Quite the Choice
Posted on 29. Nov, 2009 by Robert Voris in Uncategorized
“‘But I don’t want to burn my flag…’ THEN DON’T” – Bill Hicks
American life involves choices. George Carlin defined these choices as paper or plastic, cash or credit, Democrat or Republican.
In reality, it’s much funnier and much scarier than Carlin’s pithy summation.
For example, the right to bear arms so famously guaranteed by the Second Amendment to the Constitution is for the purpose of maintaining a militia, being necessary to the free state. The framers didn’t envision the United States maintaining a professional military, so they wanted the citizenry armed to defend their newly-created society. Section III of Article III of that same Constitution defines treason as levying war against the United States. As John Brown discovered after he took on the country’s professional military at Harper’s Ferry over a societal issue, when a citizen militia’s right to bear arms is weighed against national interest, the militia bears its arms into a hangman’s noose.
Which means that the choice isn’t cash or credit, two methods that achieve the same result – it’s more like Socrates’ choice of exile or hemlock. An individual can either choose not to bear arms with few negative consequences, given that most all personal security in the United States is provided by professional paramilitary or military organizations. Or they can exercise their legal right to possess weapons and risk provoking the ire of society, to say nothing of their personal safety. One is sensible, safe, and inconsequential; the other the choice of a zealot, with predictably radical consequences.
The left has largely let gun control alone since 1994, which makes sense. Those that feel strongly in favor of gun control run up against that pesky Second Amendment, a broad-based culture that likes firearms and the need of middle-aged white men for a quick method of dispatching themselves (fun fact: the death rate for firearms is weighted thusly – young black men get murdered at roughly half the rate that middle-aged white men commit suicide). Best to just make the choice to not exercise your Constitutional right than set off an opposition determined to martyr itself for the cause.
Fortunately, there is no section or amendment in the Bill of Rights that guarantees the right of the people to deny themselves medical treatment because they do not wish to pay for it. And just as progressives have learned to let the gun issue lie since there’s no way they can actually win the debate, so too will the current opponents of health care reform. Because they don’t have a leg to stand on.
The only people who don’t find health care in the United States to be fundamentally screwy are those with large pools of wealth with which to fund their care. It may be true that people from around the world travel to the United States to receive the best care the world has to offer, but when Yakuza bosses are bribing their way into a liver transplant at UCLA while 46 million Americans remain uninsured, should the worldwide appeal of a system from a huge number of Americans is removed be held up as a good thing? Isn’t that akin to telling someone in a rat-infested shithole in Brooklyn that New York’s real estate is the best in the world because some sultan just bought a townhouse on the East Side for $50 million? ‘Look, everything’s great!

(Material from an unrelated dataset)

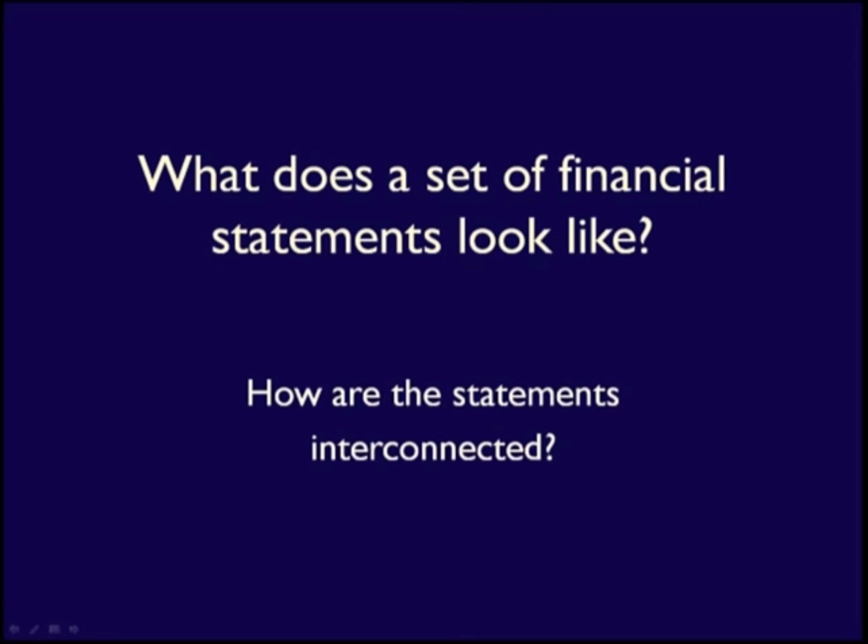Hi, Els here, and in this video we'll start exploring financial statements, what they look like and how they're interconnected.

Not that you’ll ever benefit!”
A rather important aspect of the health care plan that seems to go unmentioned by conservatives is the flip side of the choice made by liberals on gun control – there is still a choice available to not carry insurance. Just as anyone who might think that men who fought wars with smooth-bore muskets that could be fired three times per minute might not necessarily want an entire populace empowered to tote AR-15s wherever they Goddam well please has gotten used to the fact that the best, easiest choice is simply not to tote one themselves, so will those who believe that perfectly healthy 25 year-olds shouldn’t have to help fund health care for those more in need get used to the fact that once health care passes, there will still be a choice open to them – paying for the opportunity to be insured but not getting the insurance on moral grounds.
Then again, hemlock drinkers need medical attention.